# How do you find the derivative of h(p) = (1+p^3) / (5p + (3p^2)?

Jun 4, 2015

Here, we can use the product rule, which states that, be $y = f \left(x\right) g \left(x\right)$, then:

$y ' = f ' \left(x\right) g \left(x\right) + f \left(x\right) g ' \left(x\right)$

So, rewriting our quotient, we have $\left(1 + {p}^{3}\right) {\left(5 p + 3 {p}^{2}\right)}^{-} 1$.

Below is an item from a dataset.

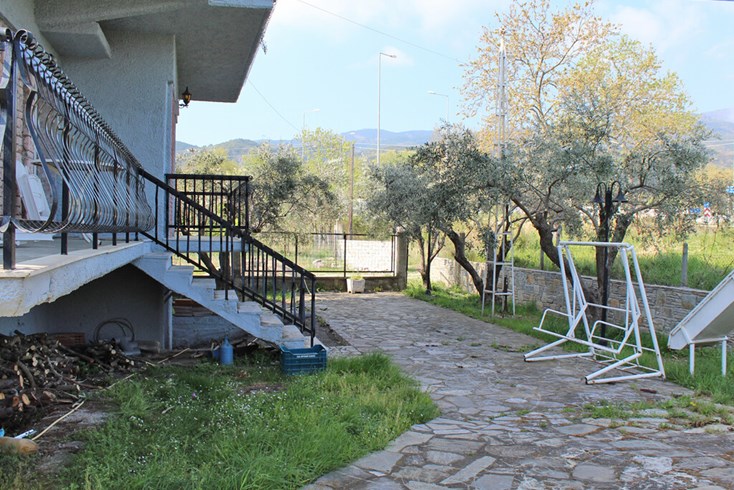 Realty photo 3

To derivate the denominator, we'll use the chain rule, which states that $\frac{\mathrm{dy}}{\mathrm{dx}} = \frac{\mathrm{dy}}{\mathrm{du}} \frac{\mathrm{du}}{\mathrm{dx}}$. Here, we'll rename $u = 5 p + 3 {p}^{2}$.

Let's go!

$\frac{\mathrm{dh} \left(p\right)}{\mathrm{dp}} = \left(3 {p}^{2}\right) {\left(5 p + 3 {p}^{2}\right)}^{-} 1 + \left(1 + {p}^{3}\right) \left(- 1\right) \left(5 + 6 p\right) {\left(5 p + 3 {p}^{2}\right)}^{-} 2$

$\frac{\mathrm{dh} \left(p\right)}{\mathrm{dp}} = \frac{3 {p}^{2}}{5 p + 3 {p}^{2}} - \frac{5 + 5 {p}^{3} + 6 p + 6 {p}^{4}}{5 p + 3 {p}^{2}} ^ 2$

l.c.d: ${\left(5 p + 3 {p}^{2}\right)}^{2}$

$\frac{\mathrm{dh} \left(p\right)}{\mathrm{dp}} = \frac{\left(3 {p}^{2}\right) \left(5 p + 3 {p}^{2}\right) - \left(5 + 5 {p}^{3} + 6 p + 6 {p}^{4}\right)}{5 p + 3 {p}^{2}} ^ 2$

$\frac{\mathrm{dh} \left(p\right)}{\mathrm{dp}} = \frac{15 {p}^{3} + 9 {p}^{4} - 5 - 5 {p}^{3} - 6 p - 6 {p}^{4}}{5 p + 3 {p}^{2}} ^ 2$

$\frac{\mathrm{dh} \left(p\right)}{\mathrm{dp}} = \frac{3 {p}^{4} + 10 {p}^{3} - 6 p - 5}{25 {p}^{2} + 30 {p}^{3} + 9 {p}^{4}}$

$\frac{\mathrm{dh} \left(p\right)}{\mathrm{dp}} = \frac{3 {p}^{4} + 10 {p}^{3} - 6 p - 5}{{p}^{2} \left(25 + 30 p + 9 {p}^{2}\right)}$

We can factor the denominator's parenthesis by finding its roots:

$\frac{- 30 \pm \sqrt{900 - 4 \left(9\right) \left(25\right)}}{18}$
${p}_{1} = {p}_{2} = - \frac{5}{3}$, thus $\left(3 p + 5\right) \left(3 p + 5\right) = \left(25 + 30 p + 9 {p}^{2}\right)$

$\frac{\mathrm{dh} \left(p\right)}{\mathrm{dp}} = \textcolor{g r e e n}{\frac{3 {p}^{4} + 10 {p}^{3} - 6 p - 5}{{p}^{2} {\left(3 p + 5\right)}^{2}}}$